[ON HIBERNATION, THE ÂRYA-SAMÂJ, ETC.]
[The following excerpts from letters written by H. P. B. in the years 1878 and 1879 appeared in the Bombay Gazette of October 27, 1884, according to information the accuracy of which could not be ascertained. They were supposed to have been written to a Bombay gentleman. It is more than likely that this party was Hurrychund Chintamon, then President of the Bombay Ârya Samâj.]
People say very justly that I am as rude as a bear and as unfeeling as a hippopotamus . . .
If we die—save accident—of old age, it is because the tissues of the body are worn out by the wear and tear of life: the blood loses its power of free circulation; the bones get ossified, and men die. But if you have discovered the great physiological and psychological secrets of nature, and know why some animals in cold climates hibernate and sleep without awakening from 4 to 6 months in the year, without eating, drinking, or breathing either, and yet return to life full of vigor and rejuvenated; and if you learn from some fakirs the secret of being buried alive for six months and then taken out from their coffin as a corpse, which after a few manipulations comes back to life—this is historically and beyond doubt proved—then you may say that you have discovered or learnt one of the grandest mysteries of life and death. Learn to put yourself to sleep as a corpse, arrest the progress of life, of that wear and tear of the tissues; arrest, in short, the progress of all vital processes during your sleep, and then, if you sleep twelve hours every day, you may truly assert
that in six years you have lived as three years, in twenty years ten, and so on. And that some of your fakirs have this secret, without being at all learned in physiology, is an indisputable fact.
I hate dress, finery, and civilized society, I despise a ball room, and how much I despise it will be proved to you by the following fact. When hardly sixteen, I was being forced one day to go to a dancing party, a great ball at the Viceroy’s. My protests were not listened to, and my parents told me that they would have me dressed up, or rather according to fashion, undressed for the ball by the servants by force if I did not go willingly. I then deliberately plunged my foot and leg into a kettle of boiling water, and held it there till nearly boiled raw. Of course I scalded it horribly, and remained lame for six months. But I was never forced to go to a ball again. I tell you, that there is nothing of the woman in me. When I was young if a man had dared to speak to me of love, I would have shot him like a dog who bit me. Till nine years of age in my father’s regiment the only nurses I knew were artillery soldiers, and then Buddhist Kalmucks, as I already told you.
When at your suggestion to change the name of our society the Council asked A. S. [Ârya Samâj] through our President whether you would consent to have our Society affiliated with yours, the Council and many of our members kept trembling for fear till the receipt of your answer, lest you should refuse us this privilege, which we regarded as the highest honour. Your letter, full of kindness and friendly sentences, came at last, bringing the glad tidings for which they all had so much yearned.
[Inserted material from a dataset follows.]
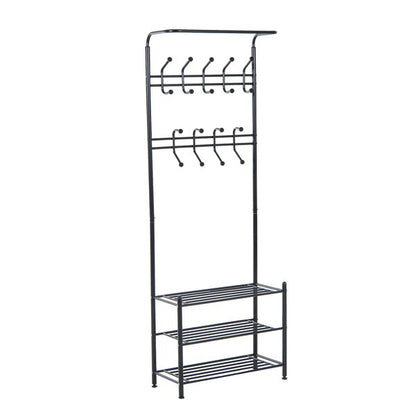 18 Hook Metal Frame Hallway Coat Hanger W/ 3 Tier Shoe Storage Black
Well, this disenchanted our Council: for it had told them that not only you had no intention of rejecting our offers, but that actually you felt very happy over it, and accepted us with open arms. The two vice-presidents, and even Olcott, went about the meeting hall like three fighting cocks which had won the prize, with their crests up and tails displayed, and
their actions plainly show that they now believed that it was we the Theosophists who honoured you, instead of the reverse being the fact. One of the results was that some of the “Fellows” who had hitherto expressed the greatest willingness to go to any amount of sacrifice for the honour, turned up their noses: some left us; and others, as you have seen, had the meanness to refuse at first to give up the initiation fees of the T. S. to the Arya Samaj fund. I had to work hard to palliate the effect of your kindness. I had to make speeches to them for hours. I told them that they behaved like real donkeys: that they did not seem to take in that it was mere kindness, oriental politeness on your part: I had to remind them that the Hindoos have had a too sad experience with Europeans and English to ever be able to, either fraternize with them, or feel in any way honoured by an association with them. The honour was all on our side, as we were but bleached-out Hindoo pariahs and Soodras at best, the scum of the ancient population of India, thrown overboard by the Aryan overcrowded country: and that the mere fact that the descendants of these Aryans condescended to receive back in their ranks the descendants of their ancestor pariah and chandalas was an inexpressible honour to us alone.